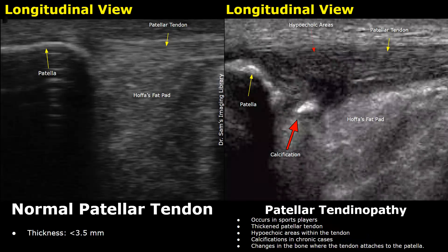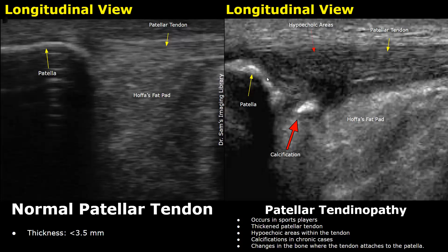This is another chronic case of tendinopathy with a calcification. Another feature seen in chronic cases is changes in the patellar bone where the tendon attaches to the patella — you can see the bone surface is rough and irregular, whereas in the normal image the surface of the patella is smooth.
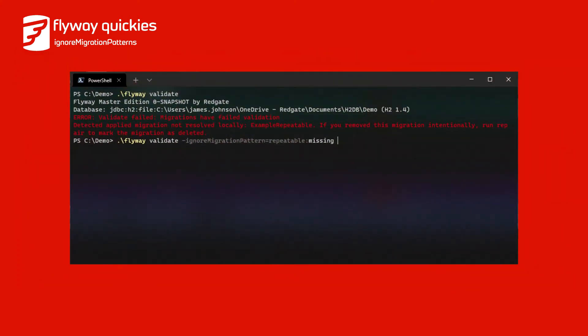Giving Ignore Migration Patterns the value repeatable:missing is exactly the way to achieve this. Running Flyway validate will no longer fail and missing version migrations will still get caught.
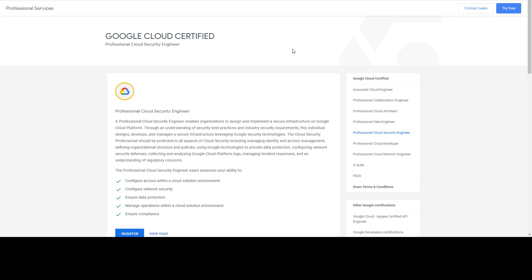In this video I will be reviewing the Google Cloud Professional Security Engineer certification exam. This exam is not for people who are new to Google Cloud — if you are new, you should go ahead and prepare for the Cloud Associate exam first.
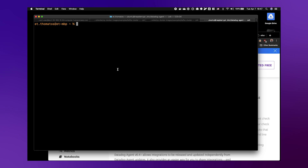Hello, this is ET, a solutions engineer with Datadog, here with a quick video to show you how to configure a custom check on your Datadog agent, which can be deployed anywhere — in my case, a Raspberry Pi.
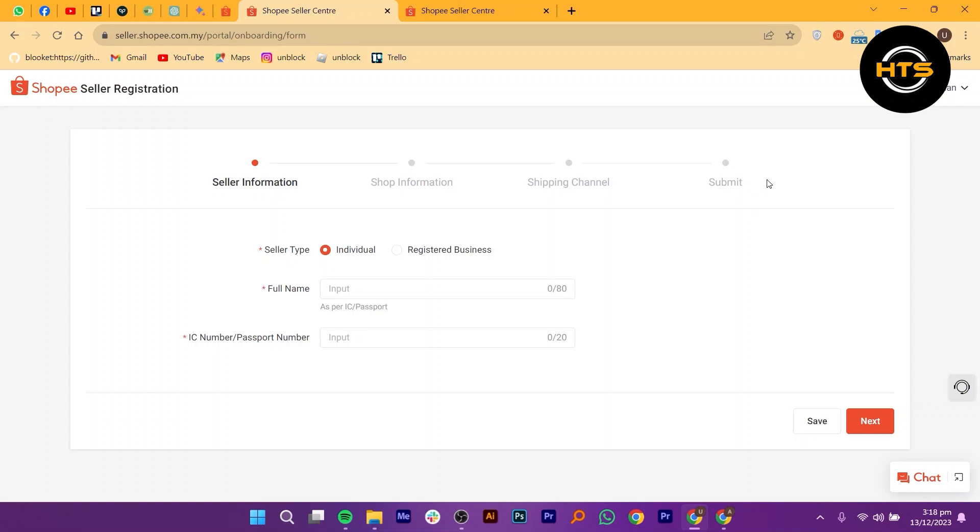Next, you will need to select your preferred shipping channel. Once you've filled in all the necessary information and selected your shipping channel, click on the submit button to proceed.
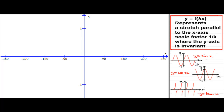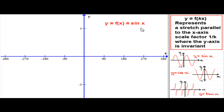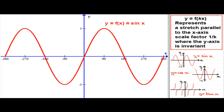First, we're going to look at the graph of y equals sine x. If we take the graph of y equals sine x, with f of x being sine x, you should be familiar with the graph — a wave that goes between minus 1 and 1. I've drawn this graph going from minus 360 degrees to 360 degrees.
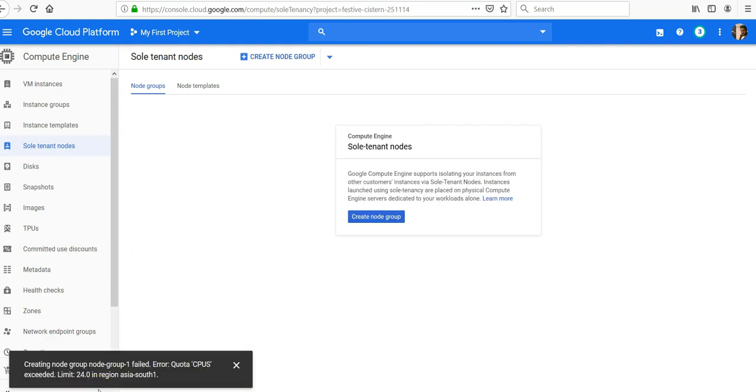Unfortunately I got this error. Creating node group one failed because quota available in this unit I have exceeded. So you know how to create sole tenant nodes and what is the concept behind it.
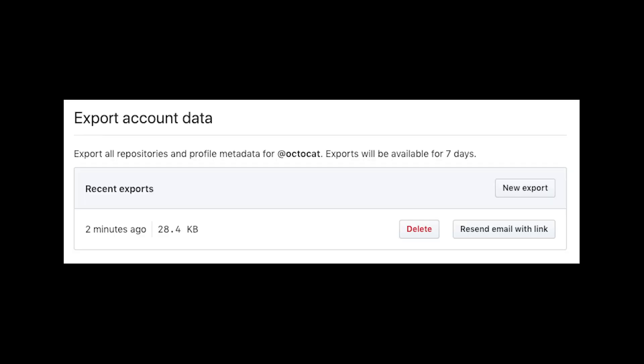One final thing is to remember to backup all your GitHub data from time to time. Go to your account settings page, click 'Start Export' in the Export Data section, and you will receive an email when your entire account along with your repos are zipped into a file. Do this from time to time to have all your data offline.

------------------------------------------------------------

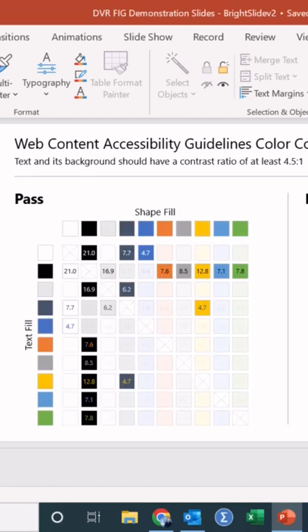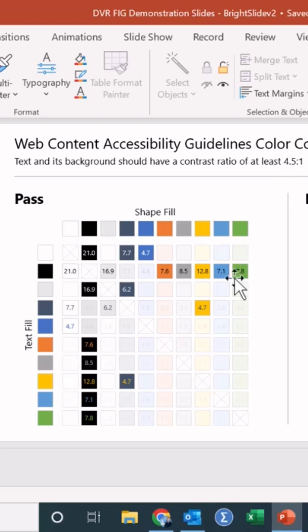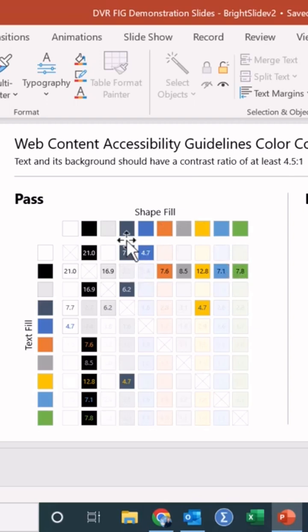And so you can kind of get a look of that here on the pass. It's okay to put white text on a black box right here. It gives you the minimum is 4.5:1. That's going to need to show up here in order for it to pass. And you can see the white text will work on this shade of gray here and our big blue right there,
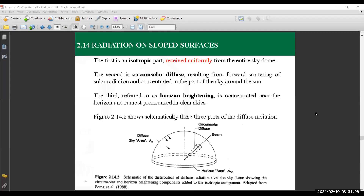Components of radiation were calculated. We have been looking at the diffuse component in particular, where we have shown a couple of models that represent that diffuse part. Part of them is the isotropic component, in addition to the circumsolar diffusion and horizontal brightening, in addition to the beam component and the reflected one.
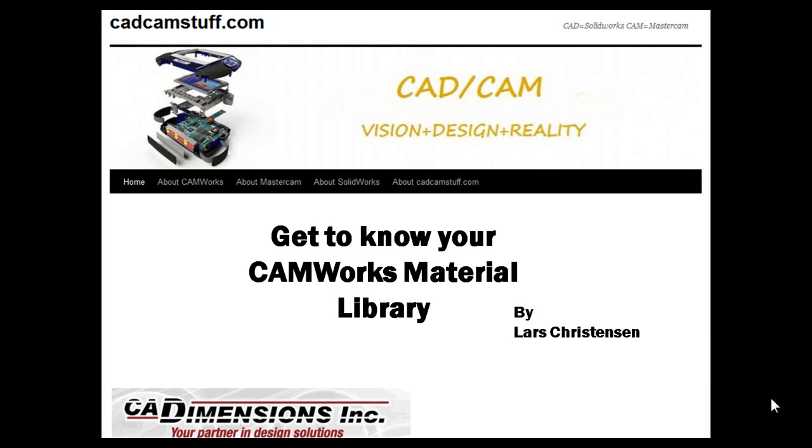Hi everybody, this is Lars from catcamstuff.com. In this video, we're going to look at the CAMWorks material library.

------------------------------------------------------------

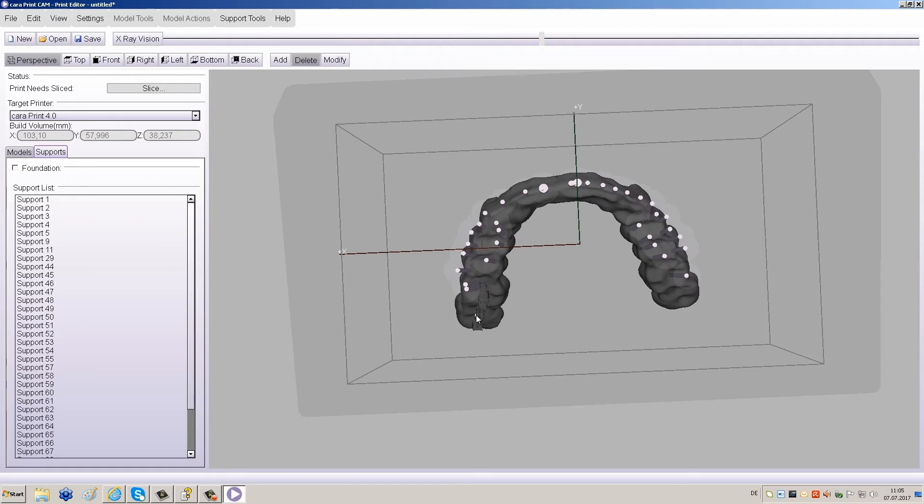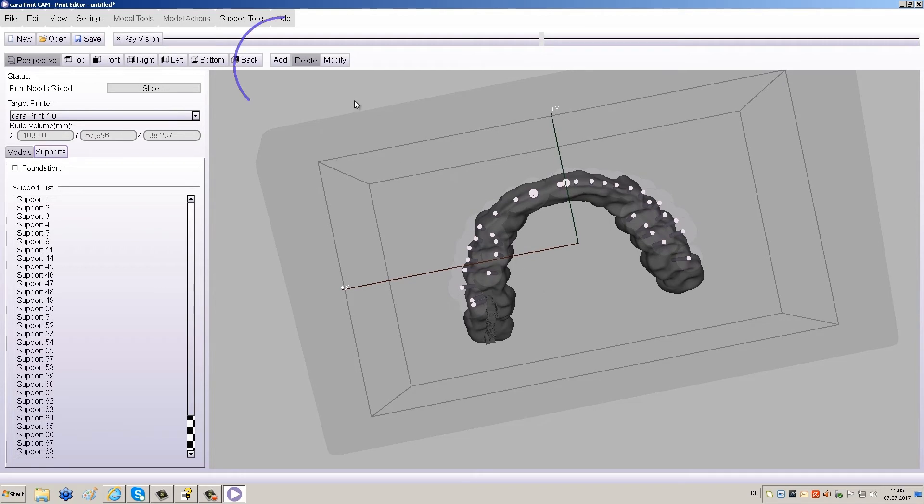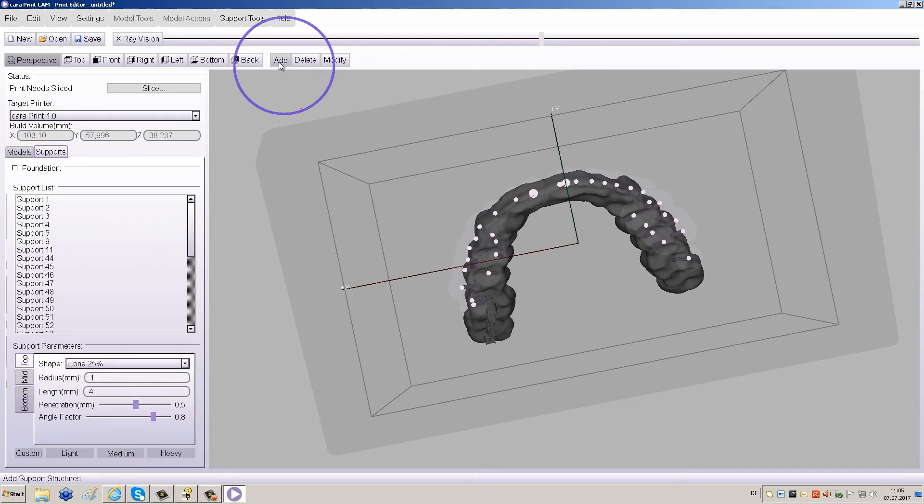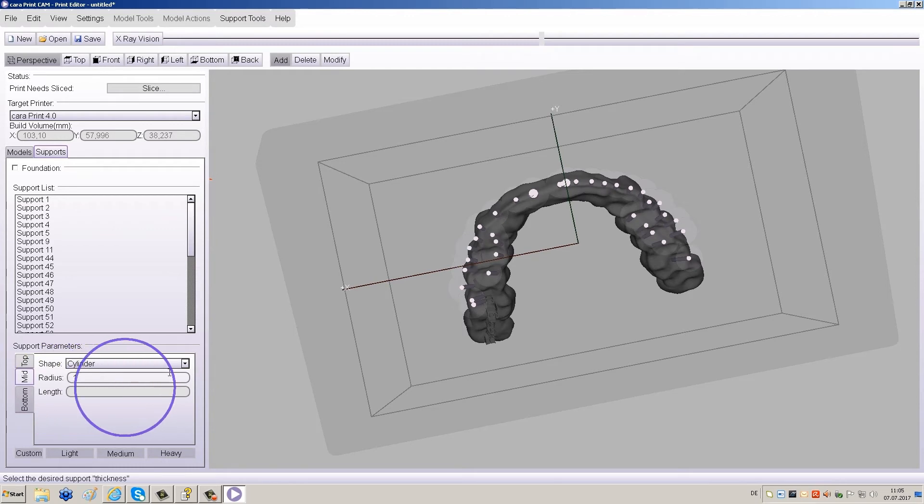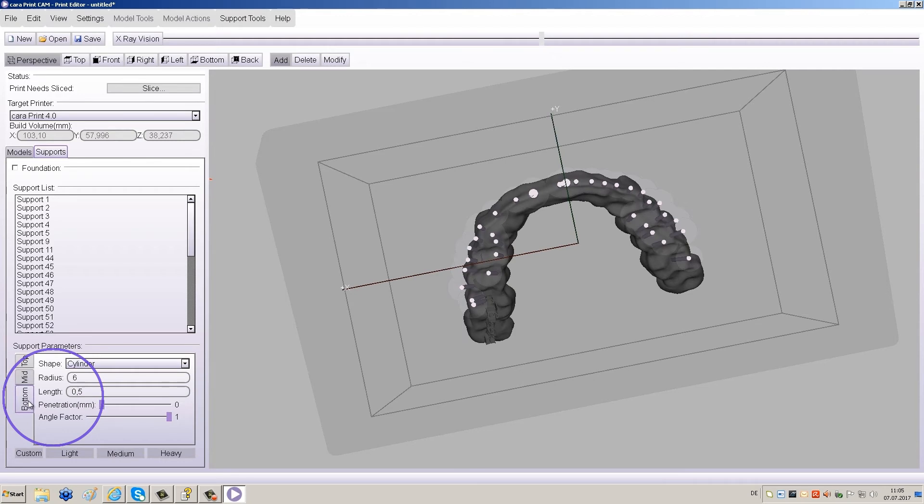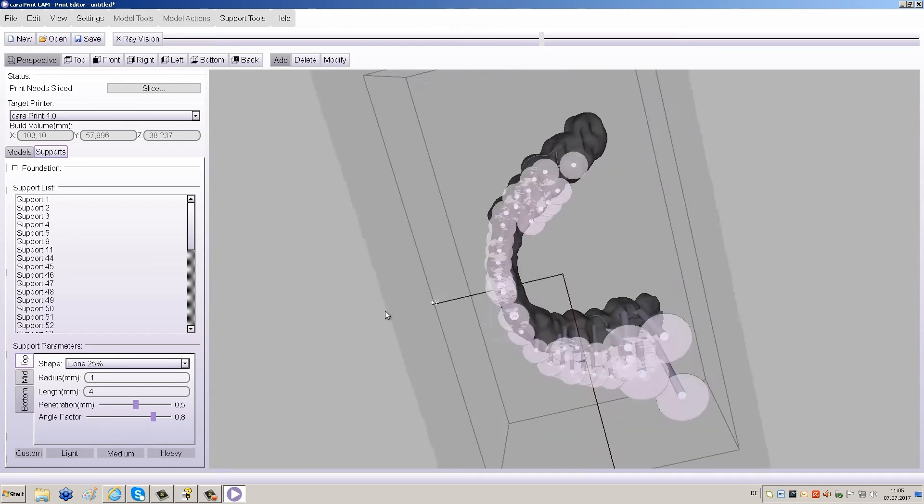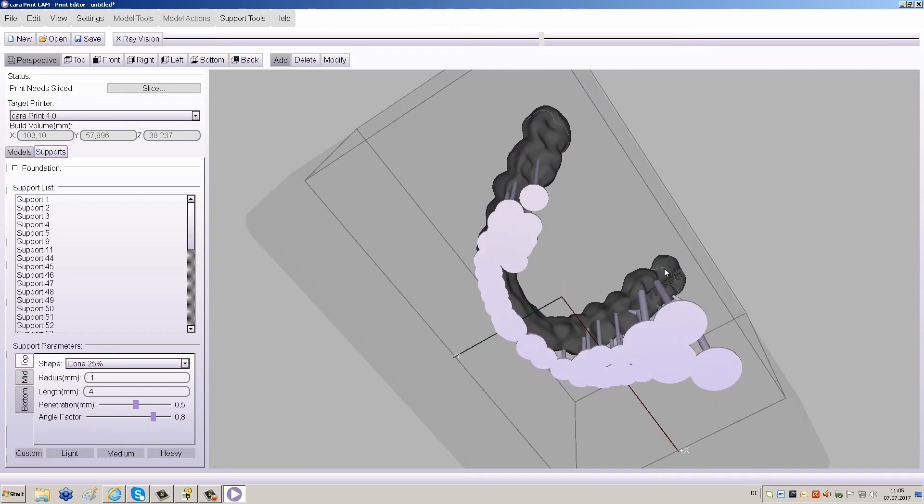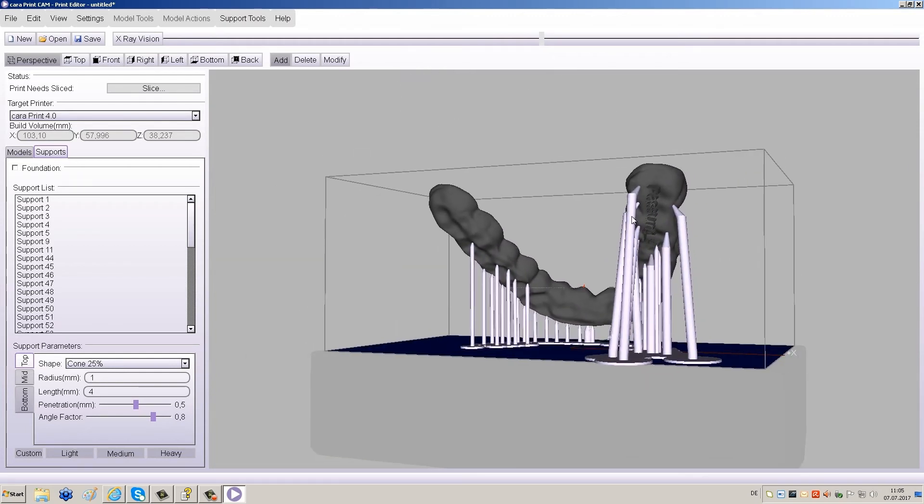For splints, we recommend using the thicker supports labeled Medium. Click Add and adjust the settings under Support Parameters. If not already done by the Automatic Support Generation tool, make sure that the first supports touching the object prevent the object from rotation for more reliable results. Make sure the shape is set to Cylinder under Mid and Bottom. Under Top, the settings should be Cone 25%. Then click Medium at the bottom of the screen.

------------------------------------------------------------

# Task instructions
Write out exactly the run of lines above that starts at the line containing "Hello, this is" and ends at the line containing "One final thing". Include both, and leave the pictures out.

# Response to this task
Hello, this is ET, a solutions engineer with Datadog, here with a quick video to show you how to configure a custom check on your Datadog agent, which can be deployed anywhere — in my case, a Raspberry Pi.
Next, you will need to select your preferred shipping channel. Once you've filled in all the necessary information and selected your shipping channel, click on the submit button to proceed.
First, we're going to look at the graph of y equals sine x. If we take the graph of y equals sine x, with f of x being sine x, you should be familiar with the graph — a wave that goes between minus 1 and 1. I've drawn this graph going from minus 360 degrees to 360 degrees.
Unfortunately I got this error. Creating node group one failed because quota available in this unit I have exceeded. So you know how to create sole tenant nodes and what is the concept behind it.
One final thing is to remember to backup all your GitHub data from time to time. Go to your account settings page, click 'Start Export' in the Export Data section, and you will receive an email when your entire account along with your repos are zipped into a file. Do this from time to time to have all your data offline.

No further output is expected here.